Hundreds of items have their acoustics deliberately tweaked to make us happy, according to Trevor Cox, professor of acoustic engineering at the University of Salford.
The dastards. Oh, sorry … I was thinking of journalists. Carry on.
July 5th, 2012 at 07:32
When the first electronic telephone sets (land-line variety) appeared, the handset was very light; there was really nothing more to it than a plastic shell and the electronic pickup. Consumers complained that the phones were ‘cheap’ and ‘chintzy’ and wouldn’t buy them. So the manufacturers started gluing lugnuts or other chunks of metal inside the receiver casing to give it more ‘heft’. They had nothing to do with the quality or function of the unit, but the complaints went away and sales took off.

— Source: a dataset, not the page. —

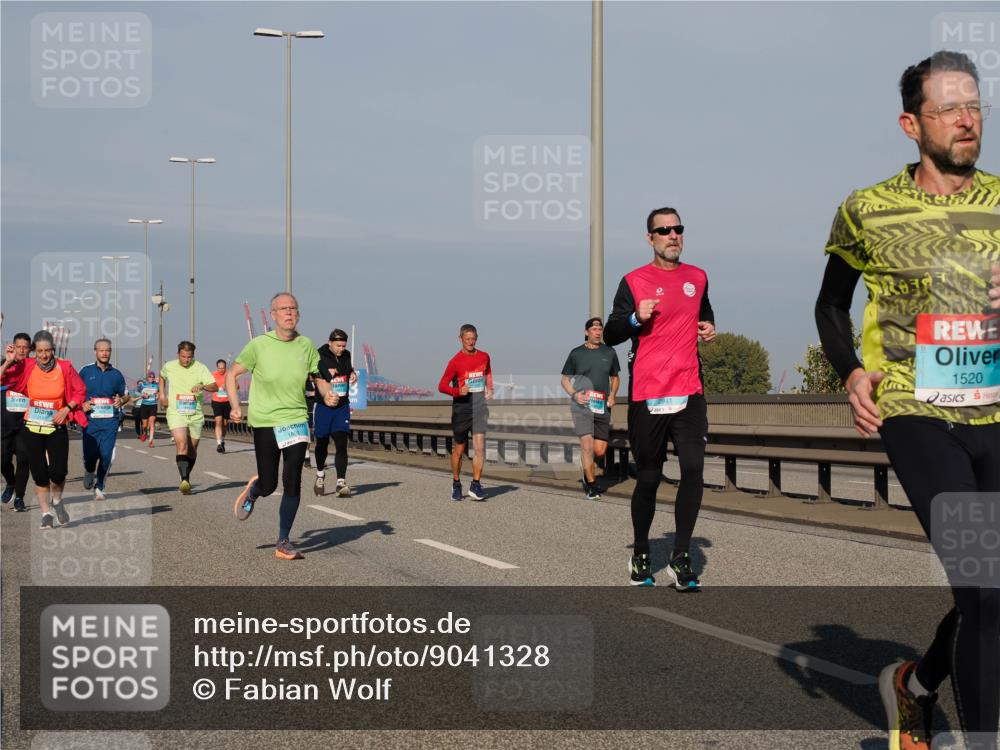 03.10.2025 - Köhlbrandbrückenlauf Fabian Wolf http://msf.ph/oto/9041328 03.10.2025 09:55:10 Position 3 1802, 2941, 1520 meine-sportfotos.de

Sometimes the old ways are best.
July 5th, 2012 at 12:05
The company I worked for after college bought a Wang word processing system. (It was a piece of junk, even at that time.) Secretaries had a terrible time transitioning from the IBM Selectrics and would often mistype multiple characters throughout the document. Wang got around that by installing a sound card that would produce the familiar key click of a typewriter. They didn’t tell the secretaries, but they did let us know that there was a volume knob discretely located on the back of the unit. We would turn the volume down slightly over a period of a few weeks until they no longer needed that “click” to know they’d hit a key.